Why do animals of the same species continue to live from generation to another?
having offspring. i.e reproduction.
Why did one of the characteristics for example dwarfness or white flower color disappear in the F1 generation of Mendal's crosses?
Since the F1 generation of crosses is a cross between two pure traits (for example, TT for tall and tt for short/dwarfness), the offspring of the pure parents all have the genotype of Tt: 100% of offspring will be tall. The dwarfness seems to "disappear" because the capital T is dominant, while the lowercase t (for shortness) is recessive. Dominant dominates a recessive trait, so only tallness appears and dwarfness seems to disappear. Additional Info: However, even though the dwarfness seems to "disappear" it is still in the genotype although it does not appear in the F1 generation. In the F2 generation, there will be a 25% chance of the offspring having the trait dwarfness, because the F1 generation is crossed (Tt x Tt).

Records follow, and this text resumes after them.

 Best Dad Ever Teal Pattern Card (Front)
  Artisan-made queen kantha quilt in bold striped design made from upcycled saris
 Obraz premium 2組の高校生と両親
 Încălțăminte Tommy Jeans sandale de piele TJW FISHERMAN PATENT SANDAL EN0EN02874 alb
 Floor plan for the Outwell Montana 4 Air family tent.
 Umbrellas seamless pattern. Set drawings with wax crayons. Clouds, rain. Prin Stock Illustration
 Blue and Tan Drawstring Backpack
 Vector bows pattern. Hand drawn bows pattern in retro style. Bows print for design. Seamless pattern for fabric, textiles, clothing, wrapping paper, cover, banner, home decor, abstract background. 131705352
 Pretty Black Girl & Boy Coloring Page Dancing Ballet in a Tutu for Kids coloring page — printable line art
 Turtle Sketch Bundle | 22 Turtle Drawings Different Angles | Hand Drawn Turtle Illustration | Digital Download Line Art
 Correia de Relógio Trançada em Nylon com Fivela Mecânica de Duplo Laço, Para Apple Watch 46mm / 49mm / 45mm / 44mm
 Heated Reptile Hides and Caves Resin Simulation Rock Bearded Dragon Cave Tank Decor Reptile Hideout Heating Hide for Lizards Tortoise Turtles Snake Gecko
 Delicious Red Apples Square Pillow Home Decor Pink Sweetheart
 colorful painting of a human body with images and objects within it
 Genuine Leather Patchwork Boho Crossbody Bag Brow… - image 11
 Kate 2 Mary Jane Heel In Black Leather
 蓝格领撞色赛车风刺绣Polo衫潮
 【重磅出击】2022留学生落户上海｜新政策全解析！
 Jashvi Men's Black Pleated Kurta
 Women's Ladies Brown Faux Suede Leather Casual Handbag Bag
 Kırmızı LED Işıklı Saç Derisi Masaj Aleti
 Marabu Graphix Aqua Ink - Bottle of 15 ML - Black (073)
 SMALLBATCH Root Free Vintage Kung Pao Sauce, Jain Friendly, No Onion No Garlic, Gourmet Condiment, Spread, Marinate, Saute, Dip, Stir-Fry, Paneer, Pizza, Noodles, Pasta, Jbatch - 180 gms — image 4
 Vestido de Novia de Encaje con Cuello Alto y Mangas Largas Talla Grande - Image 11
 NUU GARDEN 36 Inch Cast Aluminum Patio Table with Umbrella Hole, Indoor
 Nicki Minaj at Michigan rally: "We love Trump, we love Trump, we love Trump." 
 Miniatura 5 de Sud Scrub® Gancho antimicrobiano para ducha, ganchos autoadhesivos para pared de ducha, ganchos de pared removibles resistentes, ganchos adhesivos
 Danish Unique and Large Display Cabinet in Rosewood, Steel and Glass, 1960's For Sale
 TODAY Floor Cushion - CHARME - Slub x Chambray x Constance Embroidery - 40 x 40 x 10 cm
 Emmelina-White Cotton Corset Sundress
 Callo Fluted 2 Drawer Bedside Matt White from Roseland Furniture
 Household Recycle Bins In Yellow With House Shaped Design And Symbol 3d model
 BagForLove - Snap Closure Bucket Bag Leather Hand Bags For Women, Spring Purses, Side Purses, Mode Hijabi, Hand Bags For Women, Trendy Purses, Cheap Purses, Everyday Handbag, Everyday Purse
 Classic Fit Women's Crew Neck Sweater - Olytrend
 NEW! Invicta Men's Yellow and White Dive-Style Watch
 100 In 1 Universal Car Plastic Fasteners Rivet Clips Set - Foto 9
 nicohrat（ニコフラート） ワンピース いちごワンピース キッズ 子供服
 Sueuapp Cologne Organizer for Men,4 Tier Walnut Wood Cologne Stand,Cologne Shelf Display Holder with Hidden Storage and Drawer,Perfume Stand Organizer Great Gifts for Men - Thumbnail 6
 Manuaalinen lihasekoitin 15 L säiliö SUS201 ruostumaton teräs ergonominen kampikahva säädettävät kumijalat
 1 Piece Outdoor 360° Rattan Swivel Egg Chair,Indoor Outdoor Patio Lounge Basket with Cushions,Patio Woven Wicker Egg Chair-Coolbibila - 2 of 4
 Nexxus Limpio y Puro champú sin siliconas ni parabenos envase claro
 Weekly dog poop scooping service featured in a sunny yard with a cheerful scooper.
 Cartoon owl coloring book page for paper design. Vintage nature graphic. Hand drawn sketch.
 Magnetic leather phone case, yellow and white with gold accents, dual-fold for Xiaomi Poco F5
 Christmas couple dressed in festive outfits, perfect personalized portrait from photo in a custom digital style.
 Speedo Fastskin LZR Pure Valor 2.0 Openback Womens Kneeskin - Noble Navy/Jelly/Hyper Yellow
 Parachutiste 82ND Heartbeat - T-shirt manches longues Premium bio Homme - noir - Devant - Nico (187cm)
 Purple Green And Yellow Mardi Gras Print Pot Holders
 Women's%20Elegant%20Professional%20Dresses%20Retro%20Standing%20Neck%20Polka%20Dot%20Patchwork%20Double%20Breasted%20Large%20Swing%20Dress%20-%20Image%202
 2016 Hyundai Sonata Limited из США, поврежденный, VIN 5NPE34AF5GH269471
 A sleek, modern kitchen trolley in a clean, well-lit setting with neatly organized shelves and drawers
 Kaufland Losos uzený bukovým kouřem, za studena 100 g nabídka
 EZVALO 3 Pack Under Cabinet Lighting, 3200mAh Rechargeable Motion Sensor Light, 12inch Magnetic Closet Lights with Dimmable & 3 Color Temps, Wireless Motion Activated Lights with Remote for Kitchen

What does Mendel's hypothesis of inheritance state?
i dont know all about it but he says that the mother and the father both pass genes to their offspring even though they may not show for example their fathers blue eyes but they show their mothers green eyes. the blue eyes is a recessive gene they will pass to their offspring. so it may skipa generation and come back because the offspring carry that gene. no gene is lost until it has passed 2 generations without a mother or father having it of the offspring have it.
If the allele for having a white forelock is dominant family members WITHOUT a white forelock are?
Family members without a white forelock must possess two recessive alleles for that trait, as the white forelock is dominant. This means they can only pass on the recessive allele to their offspring, ensuring that none of their children will have a white forelock unless the other parent contributes a dominant allele. In genetic terms, these family members are homozygous recessive for the trait.